Dragflick/Aerials 9.5/10

Dragflicking is what this stick is really made for. The dished face makes the pickup very easy as the contours of the face channels the ball into the central point of the head’s sweet spot. As you step through to the drag and get low the ball rolls into the groove as you use the bow of the stick. You then whip through for the release and the groove steers the ball down the shaft of the stick before the dished face ‘catches’  the ball so you can accelerate the hand of the stick towards the goal. The Whip through with the ball on the face is very straight forward, you can launch the ball in any direction, and with the power generated the ball will go there. The dished face and shaft groove make it easy to hold up the ball before you release it as long as you can stay low meaning its easy to drag around a fast runner or to spin and plant to the ball for a team mate to pick up from your left. It is easy to aim your dragflicks with this stick so you can rocket them into any of the four corners or right over the keepers head. I found it much easier to flick flat compared to last years model I don’t know if this is down to the more subtle dishing of the face or something else but there were still times (usually later in the games I have played with this stick) where I found the ball starting to lift slightly again, so this is still something to watch out for especially when you are running a deflection routine.

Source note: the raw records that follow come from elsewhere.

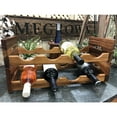 thumbnail image 2 of Kalmar Home  Acacia Wood Stackable 4-Bottle Wine Rack, 2 of 3
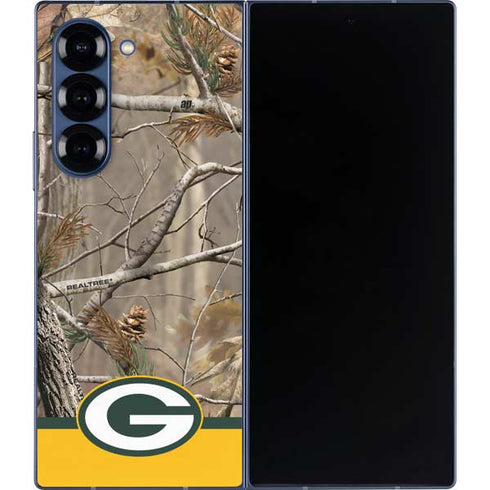 NFL Realtree Camo Green Bay Packers Galaxy Z Fold6 Skin
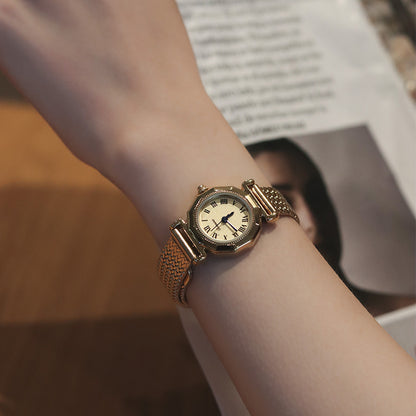 Women’s Octagonal Steel Quartz Watch | Retro | Vintage | Elegant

The stick is fantastic for throwing aerials, the low bow, dished face, and grooved shaft makes it easy to get under the ball and roll it into the bow. Once its in the groove you can whip up through the ball to launch the ball 40-50 yards down the pitch with a small amount of effort. You have to be careful to whip straight through to where you want to aim the ball and continue with the follow through, because the release is a fast process it is easy to misdirect the aerial pass.

Summary

This is a surprisingly big improvement from last seasons stick, Voodoo EU have improved on the sticks weak points from last season without hurting it’s strengths. The feel on the ball is still excellent and the balance for clicking and dragflicking is still one of the best I have used. They have reduced the issues i had with the hitting by making the subtle tweak to the groove and the dished face. Truly a fantastic upgrade by Voodoo on this years Shogun.